By Phil Wahba
November 13, 2018

Walmart said on Tuesday that the co-founder and CEO of Indian e-commerce leader Flipkart Group has stepped down in the wake of allegations of “serious personal misconduct,” creating tumult at a company it recently paid $16 billion for to get a leg up in one of the most promising e-commerce markets in the world.

Binny Bansal, 37, resigned immediately after an independent probe into the unspecified allegations that he “strongly” denies, Walmart Inc said in a statement, adding that his wanting response to the accusations was behind his departure.

“While the investigation did not find evidence to corroborate the complainant’s assertions against Binny, it did reveal other lapses in judgment,” Walmart said in the statement. It did not detail those lapses.

In May, Walmart bought a 77% in Flipkart, India’s biggest digital commerce player, for a $16 billion, by far its biggest acquisition ever and one that dwarfed its $3 billion purchase of jet.com in 2016. Walmart’s move was part of its strategy to concentrate its international business in promising countries like India and China and reduce its exposure to stagnant ones like Brazil, and outmaneuver Amazon.com.
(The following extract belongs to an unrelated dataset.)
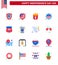 Happy Independence Day Pack of 16 Flats Signs and Symbols for paper; drink; international flag; beverage; usa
Kalyan Krishnamurthy, currently chief of Flipkart’s namesake division, will report directly to the board, Walmart said. Bansal co-founded Flipkart in 2007. As recently as October, he told Bloomberg he would remain CEO post-Walmart.

The size of the Flipkart deal unnerved many Walmart investors, but at the time it was announced, Walmart Inc CEO Doug McMillon defended it, saying, “E-commerce in India is growing rapidly, and we expect it to grow at four times the rate of overall retail. Flipkart is already capturing a large portion of this growth and is well positioned to accelerate into the future.”

Walmart reports its quarterly results on Thursday and is likely to provide an update on its India business.